Verso of two stereoviews.

In a series of articles on photography for the Atlantic Monthly, Olivier Wendell Holmes enthused that the effect of the stereoscope “is so heightened as to produce an appearance of reality which cheats the senses with its seeming truth.”[1] Photographers learned that composing stereo images with a variation of distance among objects produced an even greater three-dimensional effect by simulating the relative spatial distance of figures to one another. Viewers also experienced photographic compositions with distinct foreground and background areas as layered planes. In one Mount Auburn stereograph, tombs and memorials emerge in an almost tangible relief form against the backdrop of Washington Tower perched on the Cemetery’s highest summit. In a view of Auburn Lake, trees in the foreground give the illusion of being surrounded by space, and the eye is drawn to the second basin of the lake receding into the background.  

View towards Washington Tower. Auburn Lake.

Other stereographs of the Cemetery allow us to experience a kind of virtual reality of people in the landscape a century and a half ago—such as a group gathered around the Harnden monument or a soldier standing in front of the Sphinx. In a stereograph of Asa Gray Garden, two women with parasols take a stroll as a nearby gardener tends to the lawn. Bigelow Chapel appears like an apparition above the trees in the distance.

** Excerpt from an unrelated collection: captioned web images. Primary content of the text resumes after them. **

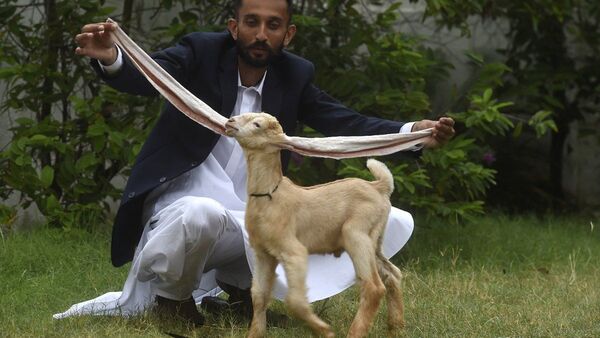 Un cabrito de Pakistán con orejas extremadamente largas causa furor en internet
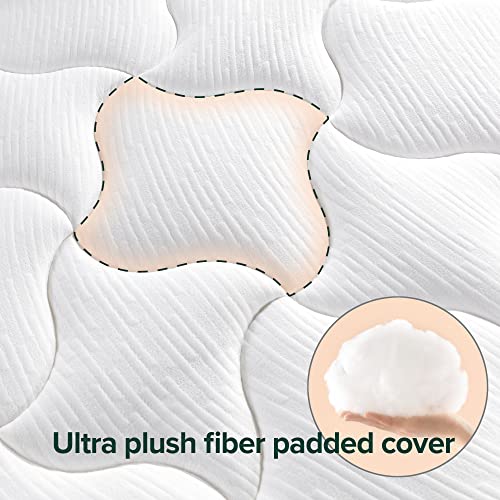 Zinus – Cloud Memory Foam 12 Inch Mattress / Pressure Relieving Design / Mattress-in-a-Box / OEKO-TEX and CertiPUR-US Certified, Off White, King Zinus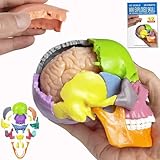 2024 New Anatomy Skull Model 15+5 Parts Human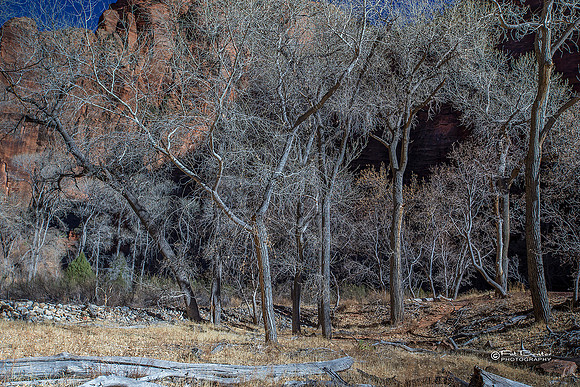 0077-LoRes-ZionCanyon18
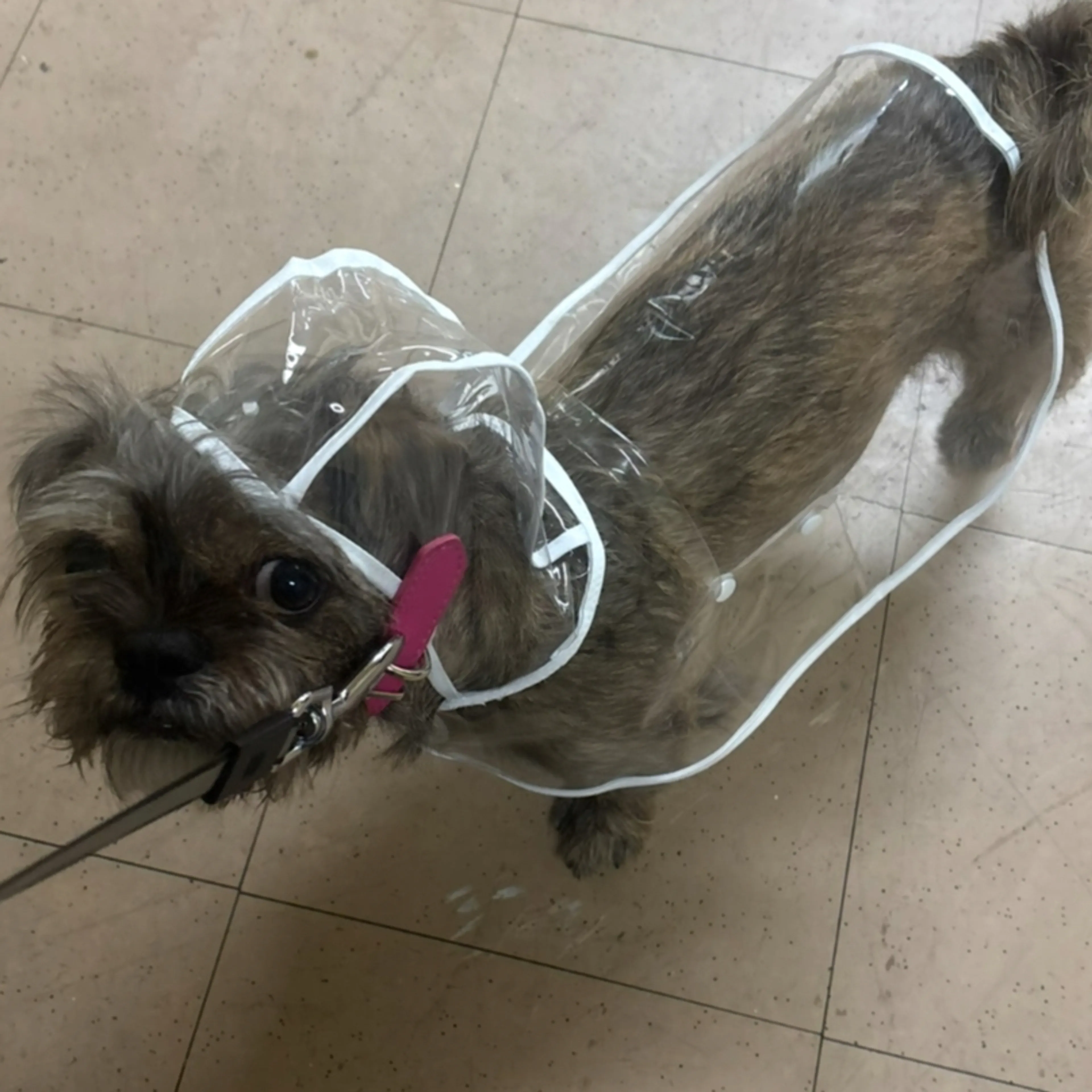 Lost pet-1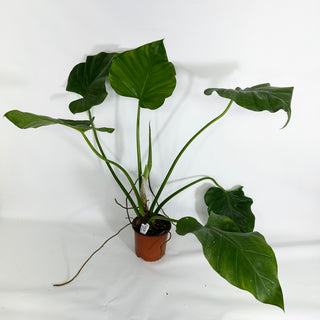 Z-4428 - Philodendron giganteum (Non-TC)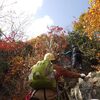 2018年11月30日(金)　[和束]鷲峰山の行場ルートの秋を楽しむ！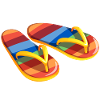 Flip flops - bio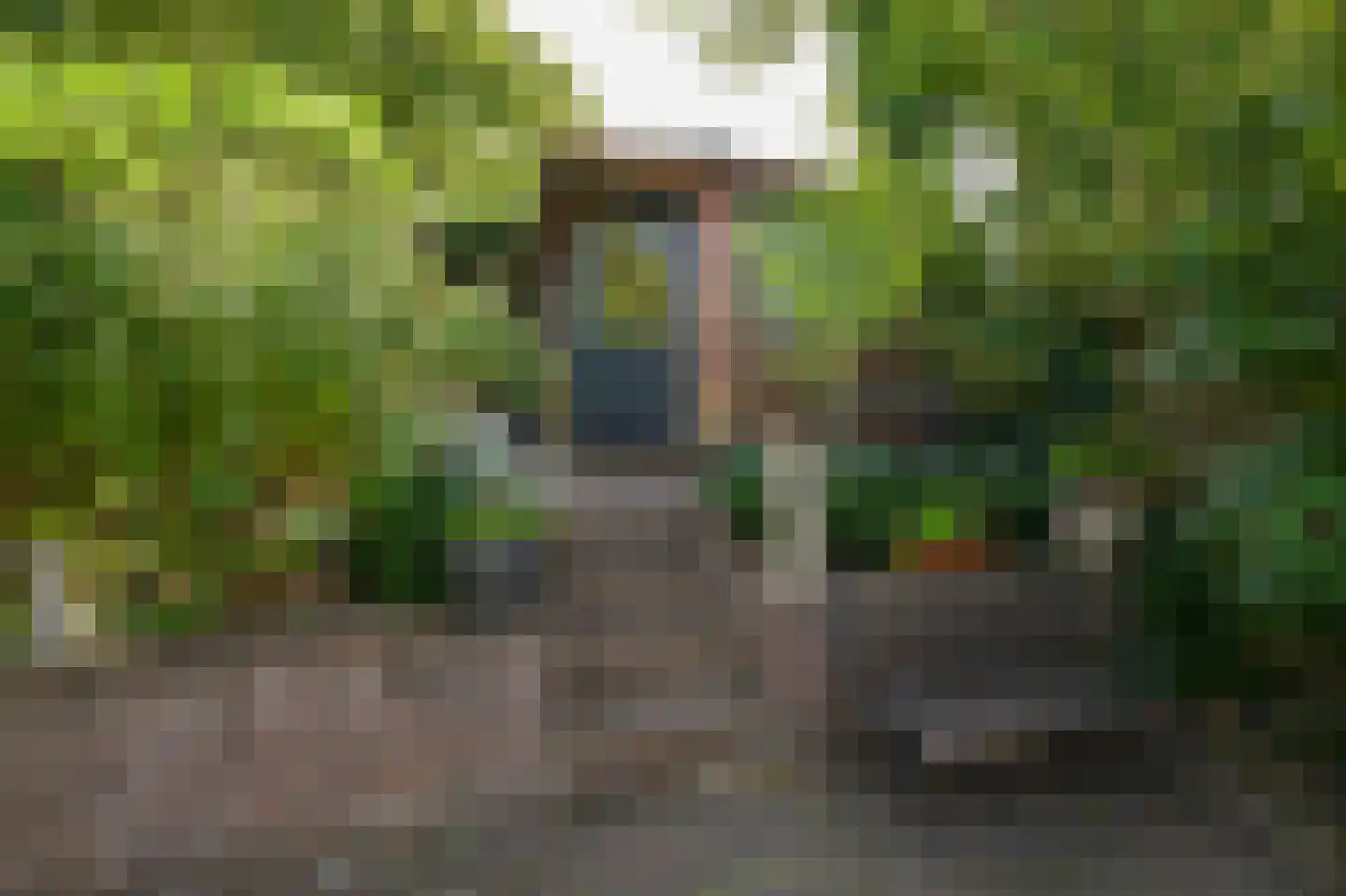 Maldenhof 463 Amsterdam thumbnail 41
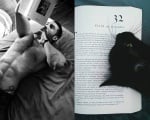Коте чете книга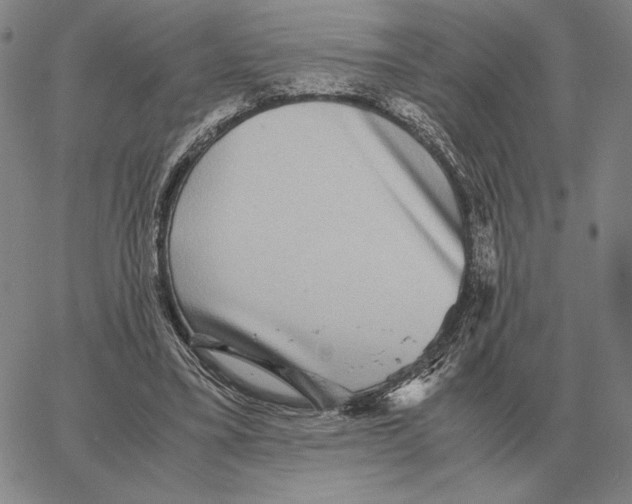 X0000062650395200601181815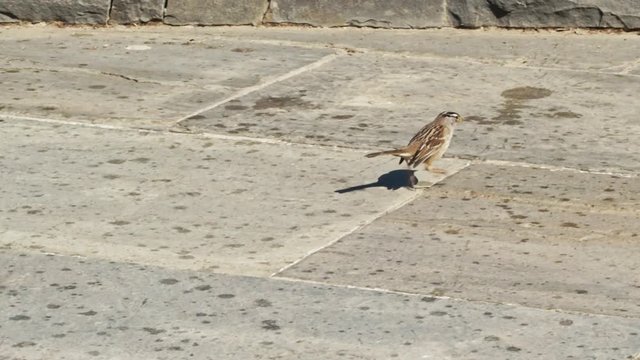 Small tiny sparrow bird running around and fly jumping in slow motion.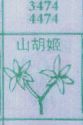 山胡姬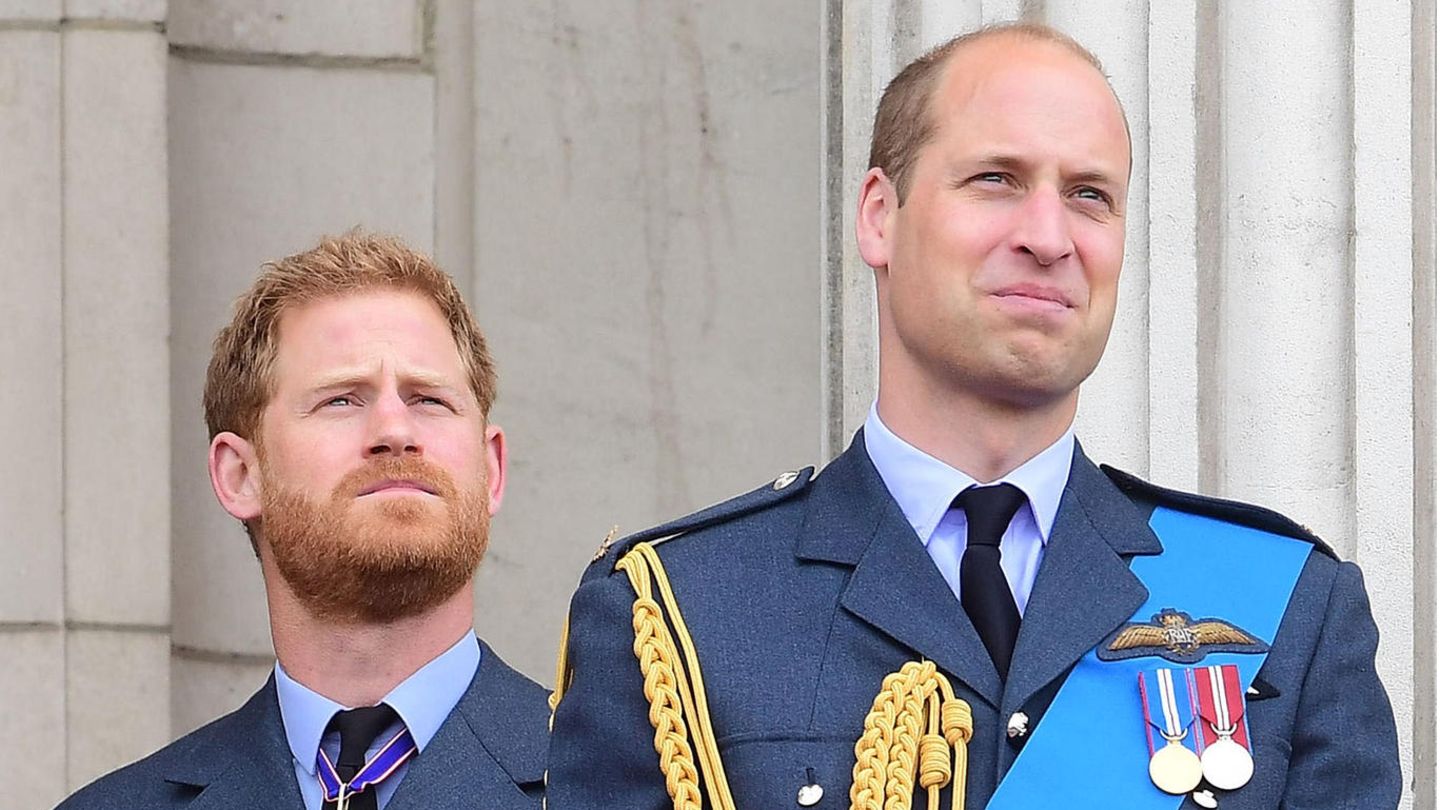 Prinz William Diese Gefahrlichen Satze Seines Bruders Harry Haben Viele Uberhort Gala De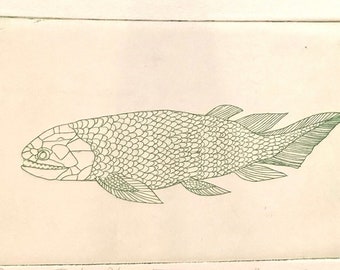Pesce rettile - Acquaforte originale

Harnden Monument. Sphinx and soldier. Asa Gray Garden
 

Mount Auburn’s collection also provides three-dimensional evidence of characteristics of the landscape that have altered over time: the dirt road of Mount Auburn Street in front of the Egyptian Gateway entrance or the view from Washington Tower that shows the beginnings of development along the Charles River. The stereograph of the Thatcher Magoun monument reveals the original details of the face and hand of the poignant mourning figure that have since eroded.

Stereoview of marble pedestal monument with kneeling woman and child, side view.
Entrance Gateway. View of Charles River from Washington Tower. Magoun Monument.

“It is easily forgotten now how pervasive was the experience of the stereoscope and how for decades it defined a major mode of experiencing photographically produced images,” Jonathan Crary writes in Techniques of the Observer: On Vision and Modernity in the Nineteenth Century.[2] Whether an armchair traveler from the nineteenth-century or collector of today, one appreciates the magical, heightened perception of being in the scene. We become immersed in the recesses of the cavernous space of Consecration Dell, the flight of the ascending spirit in Thomas Crawford’s monument to Amos Binney, or the intensity of the dense crowds outside Bigelow Chapel on Decoration Day—a sensation Holmes described as “the mind feel[ing] its way into the very depths of the picture. ”[3]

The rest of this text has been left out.